▸ What to produce
From the line that contains "Maison en pierres avec piscine" to the last line of the data below, transcribe every line exactly. Do not include the pictures.

▸ Dataset extract
--------------------------------

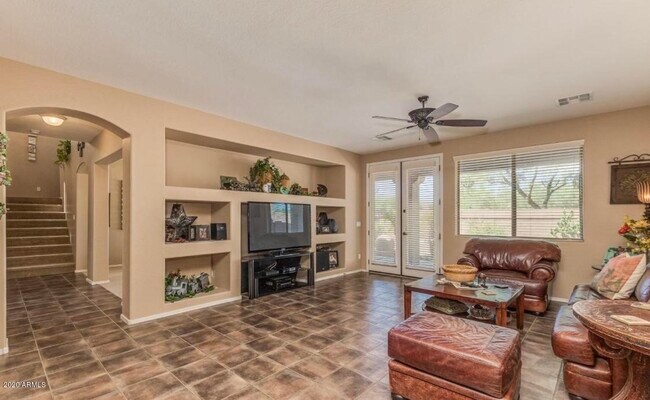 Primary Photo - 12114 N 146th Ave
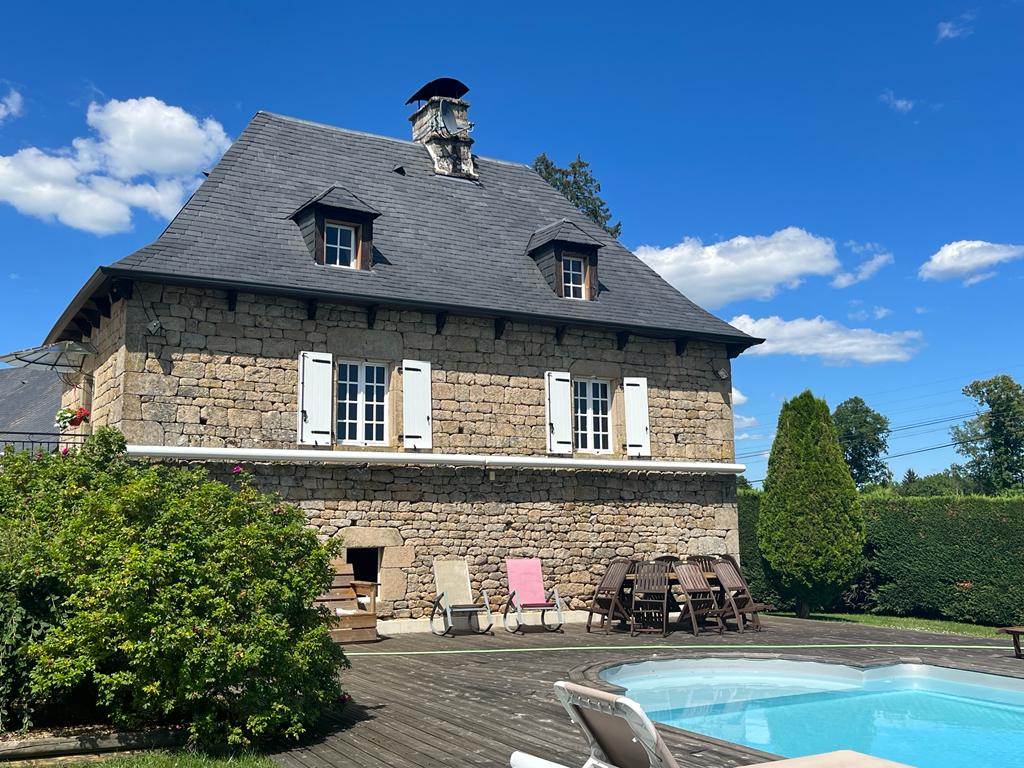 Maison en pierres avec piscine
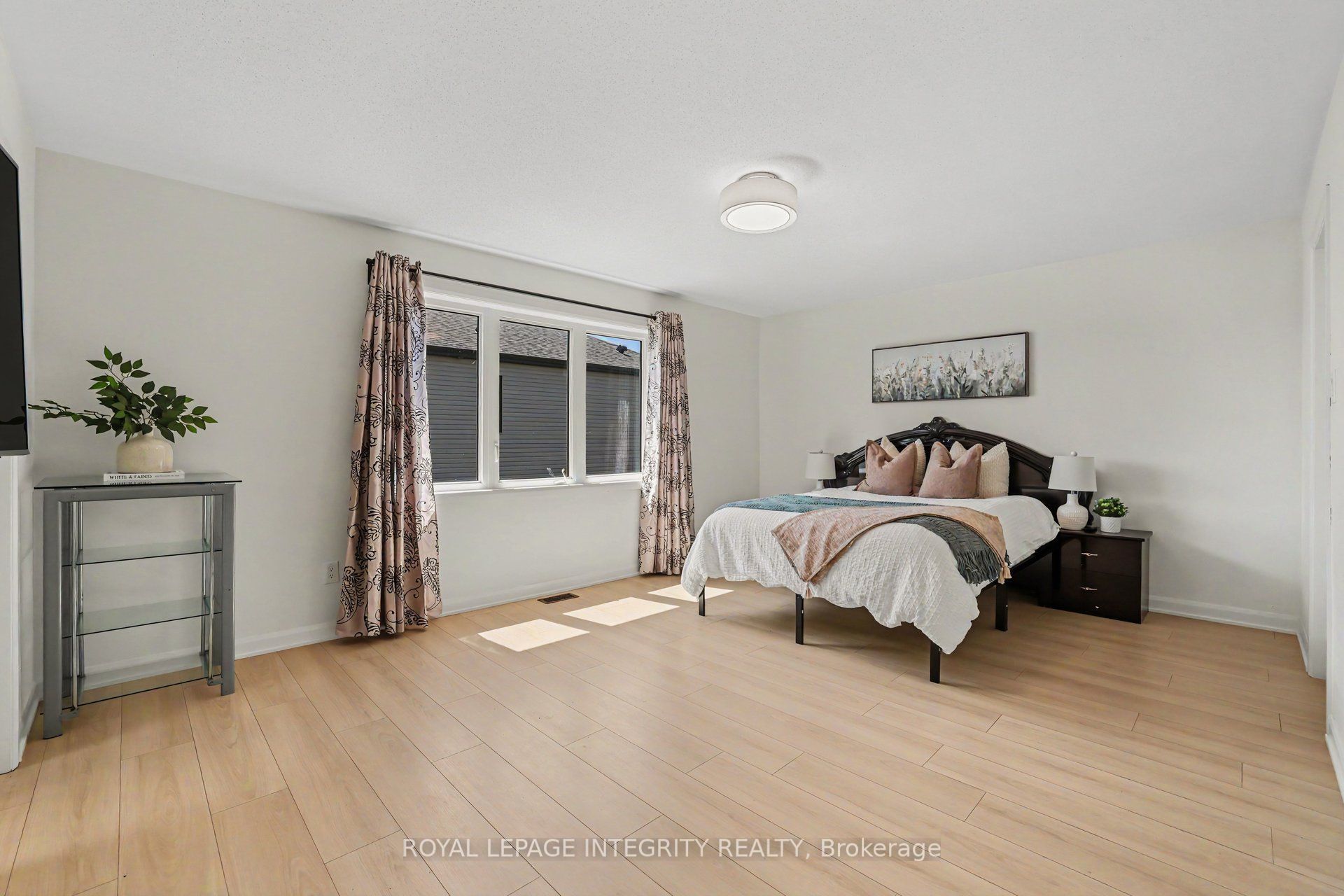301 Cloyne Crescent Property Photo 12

--------------------------------

▸ Response to this task
 Maison en pierres avec piscine
301 Cloyne Crescent Property Photo 12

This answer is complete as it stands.